We performed a subgroup analysis of age, MoCA-J score, and medication status. The analysis results are shown in Tables 35. The study of the subgroup of elderly participants (age ≥ 65 years) revealed a statistically significant treatment effect between the two groups with regard to construction (P = 0.049, d = 0.28) and orientation (P = 0.039, d = 0.34), as measured by the respective subscales of the ADAS-cog (Table 3). There were no significant differences between the groups in terms of other cognitive variables in the subgroup analysis by age. The P values for the interaction between treatment and age were 1.000 for construction and 0.869 for orientation. The study of the subgroup of cognitively healthy participants (MoCA-J score ≥ 26) revealed a statistically significant treatment effect for orientation (P = 0.029, d = 0.37) and HDS-R score (P = 0.033, d = 0.37) between the two groups (Table 4). There were no significant differences between groups in terms of the other cognitive variables in the subgroup analysis by MoCA-J score. The P values for the interaction between treatment and MoCA-J scores were 0.181 for orientation and 0.140 for the HDS-R score. The analysis of the subgroup “without medication” revealed a statistically significant treatment effect for orientation (P = 0.003, d = 0.62) between the two groups (Table 5). There were no significant differences between the groups in terms of the other cognitive variables in the subgroup analysis by medication status. The P value for the interaction between treatment and medication status was 0.235 for orientation. Table 6 presents the MCS and PCS values of SF-8 before and after daily intake of MKP or placebo. There was no significant MKP treatment effect on SF-8 compared to placebo.

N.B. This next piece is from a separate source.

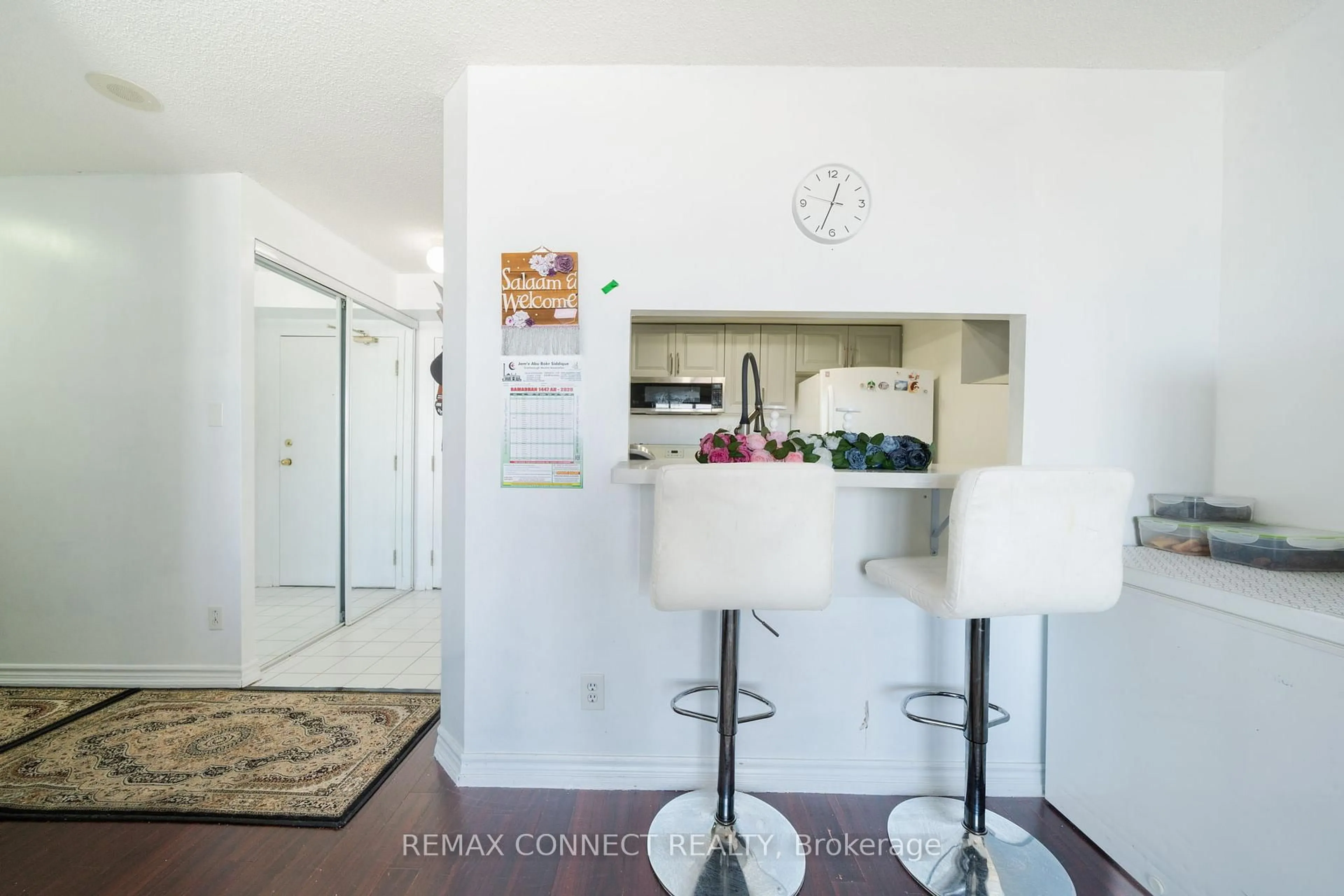 Open concept kitchen, ceramic/tile floor for 1470 Midland Ave #1609, Toronto Ontario M1P 4Z4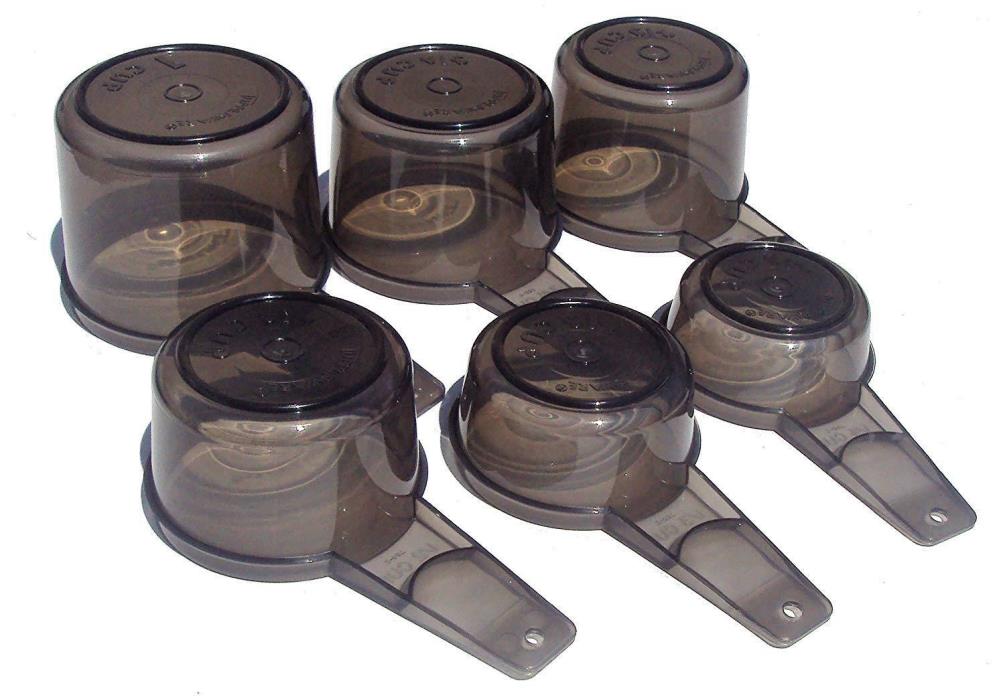 New-Vintage-Style-Tupperware-Nesting-Measuring-Cup-Set-of-6-Cups-Sheer Black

Table 3 Subgroup Analysis of the Cognitive Tests by Age

Table 4 Subgroup Analysis of the Cognitive Tests by MoCA-J Score

Table 5 Subgroup Analysis of the Cognitive Tests by Medication Status

Table 6 Summary of the SF-8 in the Intention-to-Treat Population


As shown in Table 7, there was no significant difference between the groups in the incidence of AEs during the 24 weeks of treatment and 2 weeks of post-treatment observation. In total, 306 AEs were reported by the 243 participants throughout the study; 145 were reported by 114 participants in the MKP group and 161 by 129 participants in the placebo group. Upper respiratory infection was the most common AE (32.1% in the MKP vs 33.6% in the placebo group, P = 0.896). No AE was related to the study products.

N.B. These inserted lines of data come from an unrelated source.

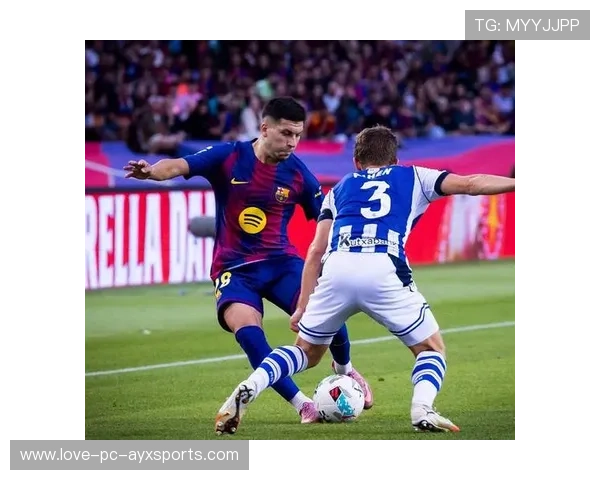 巴萨莱万快速插上头球破门续写高光时刻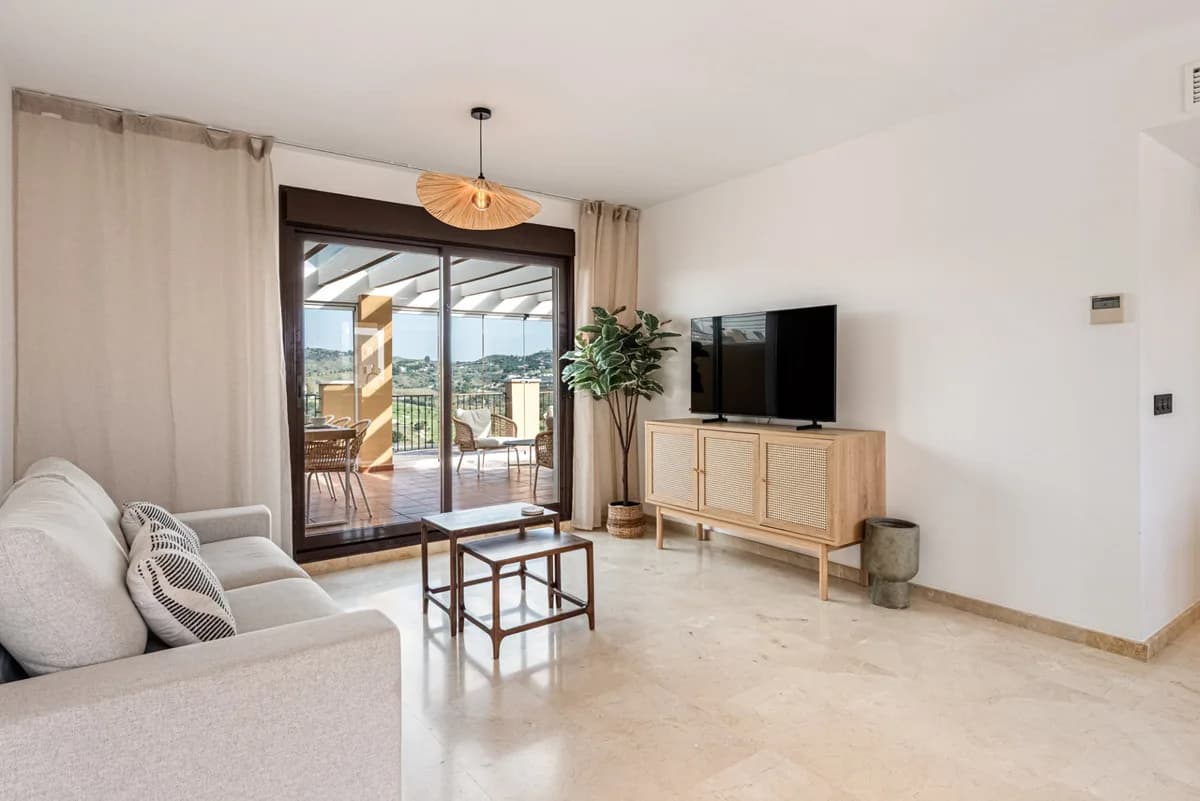 2 Bedroom Penthouse for Sale in Calanova Golf, Málaga - Image 5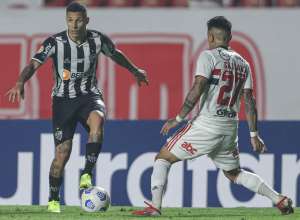 Miranda destaca defesa do São Paulo após empate com líder: 'Começamos a caminhar'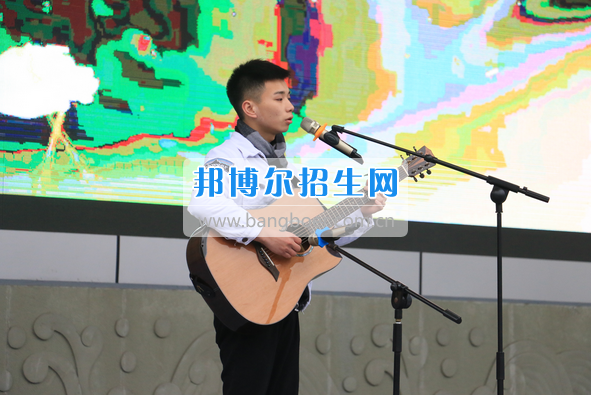 成都市洞子口職業(yè)高級(jí)中學(xué)舉行“成都，因我更美麗”主題開學(xué)典禮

Table 7 Intervened Participants with Adverse Events by System Organ Class


In recent years, the search for the best strategy to reduce AD incidence and prevalence in cognitively healthy individuals at a risk of developing AD has attracted marked attention.8 In fact, a considerable body of epidemiological evidence supports that modifiable lifestyle-related factors are associated with the development of pre-dementia and dementia syndromes in later life.32 Furthermore, several healthy dietary plans and food compositions have preventive effects on cognitive decline.23,33-35 The present study showed that MKP supplementation may have the potential to improve orientation in community-dwelling adults without dementia, with good tolerability, and no treatment-related AEs, during the 24 weeks of treatment and 2 weeks after treatment. In addition, although our data were exploratory, the results of the pre-specified subgroup analyses suggested that the benefits of MKP may be more likely to appear in elderly individuals aged ≥ 65 years, those with healthy cognitive function, and those who do not use regular medications. Therefore, this study’s results suggested that MKP may be effective in treating individuals in the preclinical stage of AD or dementia, especially elderly people who are not suffering from any disease. Orientation is the ability to correctly identify one’s own location in space and time and serves as a useful indicator of cognitive decline.36 Therefore, systematic dietary supplementation with MKP may be a promising intervention toward safe and improved orientation before the onset of AD or dementia.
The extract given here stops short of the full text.